[Required action] Below are the records; extract from them the line containing "Hérault : un" to the line containing "NAVY STAR CROSSED SWEATER", both lines included, exactly and with no pictures.

[[ The input, beginning ]]

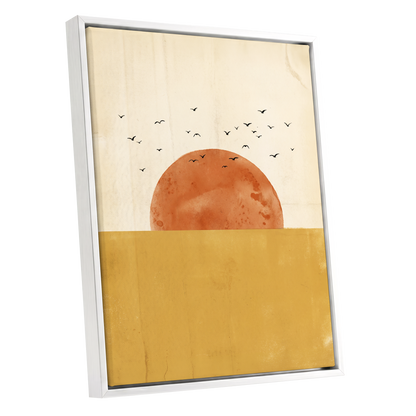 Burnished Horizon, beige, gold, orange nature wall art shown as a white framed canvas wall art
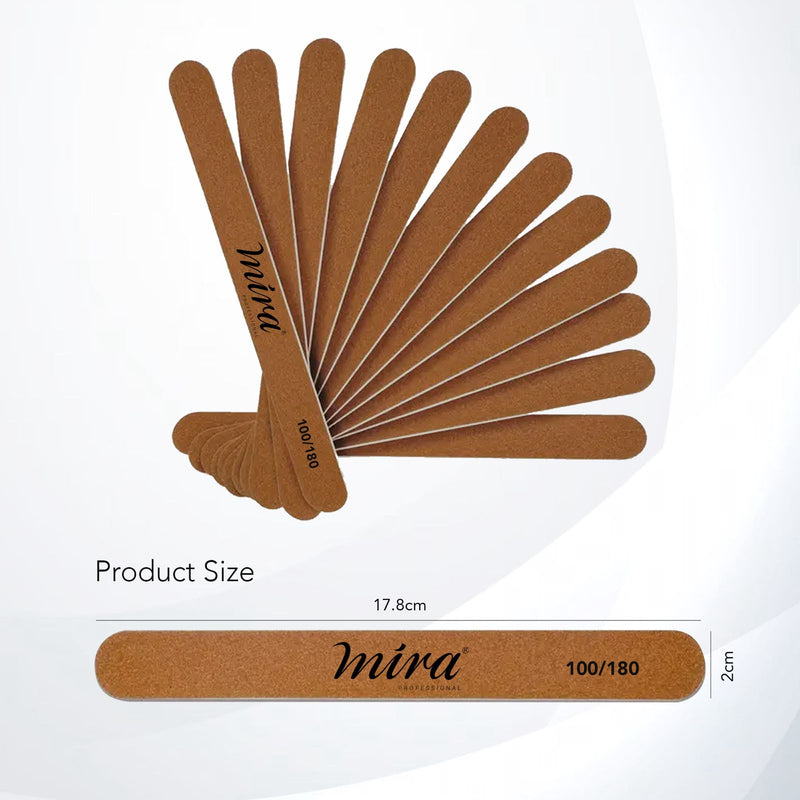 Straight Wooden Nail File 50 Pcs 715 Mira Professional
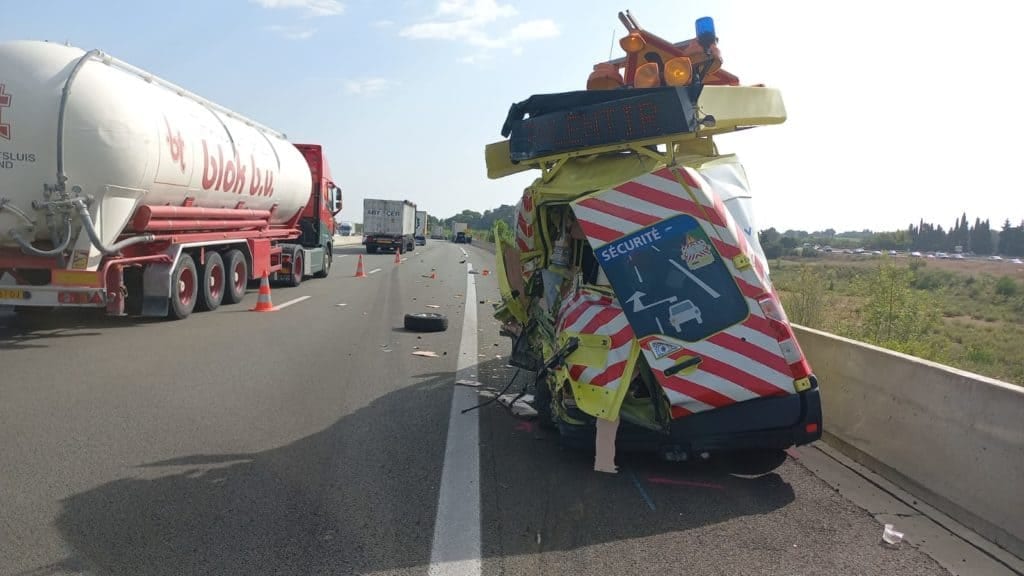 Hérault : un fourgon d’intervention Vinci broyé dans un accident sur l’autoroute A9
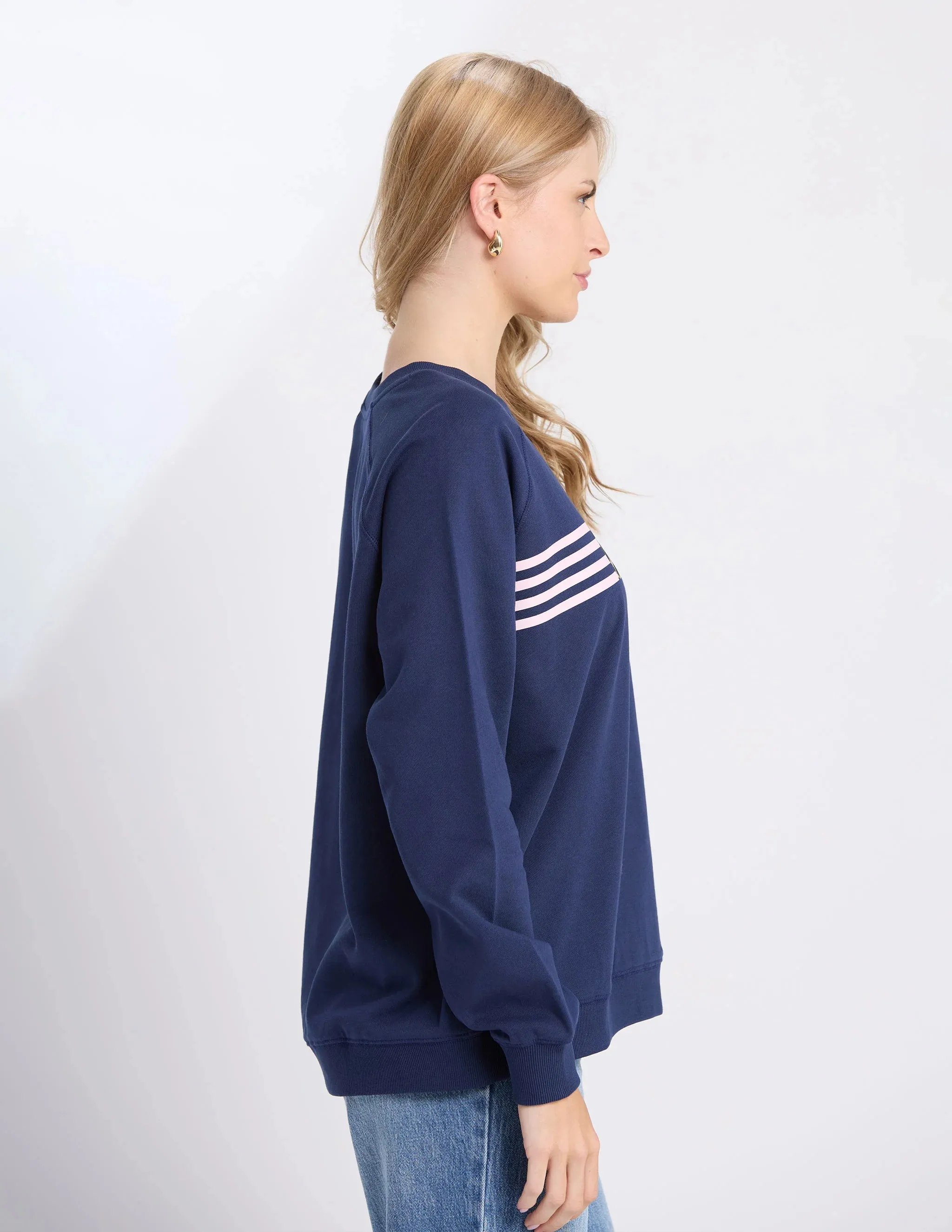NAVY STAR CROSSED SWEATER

[[ The input, end ]]
[[ The input, beginning ]]

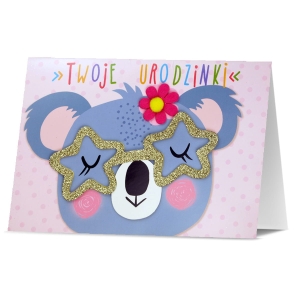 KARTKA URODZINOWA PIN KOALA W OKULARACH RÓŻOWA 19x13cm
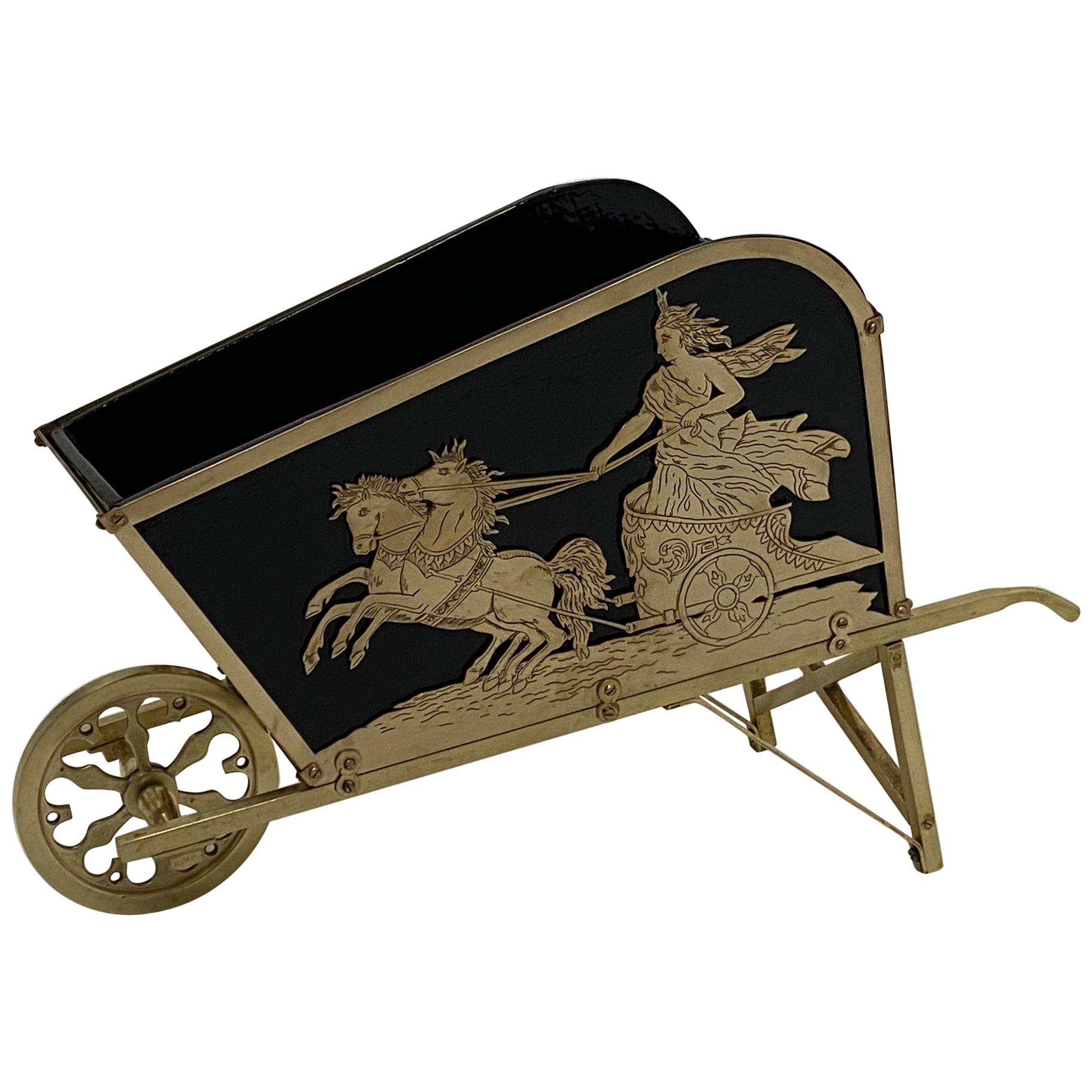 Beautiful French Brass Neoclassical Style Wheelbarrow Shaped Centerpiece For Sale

[[ The input, end ]]

[Your response]
 Hérault : un fourgon d’intervention Vinci broyé dans un accident sur l’autoroute A9
NAVY STAR CROSSED SWEATER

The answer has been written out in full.